While VTLs offer mitigation for the sequential nature of tape, they still store significant volumes of essentially duplicated data. As an example, many backup policies traditionally took full copies of data on a weekly basis, keeping that data for up to six months. Between full backups, incremental changes are identified and kept separately. When hundreds of physical servers (or thousands of virtual servers) are based on a standardised image, the degree of duplication in secondary backup data can be substantial.

De-duplicating appliances emerged in the early 2000s, as a way to reduce the volume of secondary data being stored on disk systems. As data is ingested, the content is split into chunks and fingerprinted (a process called hashing). Data with new hashes is stored and indexed against the source, while data that shows a known hash is also indexed but the physical data is discarded.

Deduplication relies on hashing techniques that produce unique values from a specific piece of content, which historically took significant computing power to achieve.

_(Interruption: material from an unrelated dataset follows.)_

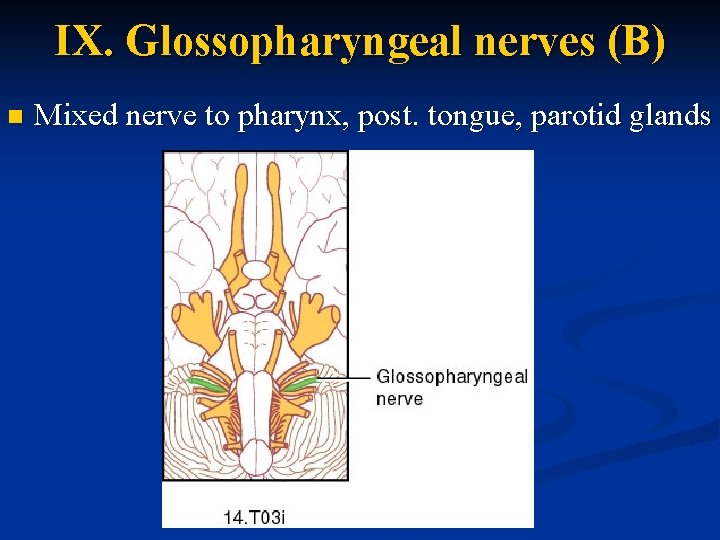 IX. Glossopharyngeal nerves (B) n Mixed nerve to pharynx, post. tongue, parotid glands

Some primary storage systems today use weak hashing algorithms and manage hash “collisions” with an exception process as a way to reduce CPU usage.

While deduplication appliances are a powerful way to reduce secondary data storage volumes, they do have some challenges. Firstly, on early disk-based systems, over time the hashing process essentially creates an entirely random data set on disk, which results in performance problems when reading data during a restore. Vendors have mitigated these issues with content-aware placement and flash-based systems.

Second, the ability to access and restore data relies entirely on the accuracy of the hash indexing held by the deduplication appliance. If that data is lost or corrupted, then accessing the data becomes impossible. This creates a significant single point of failure in design that vendors must explain how they mitigate.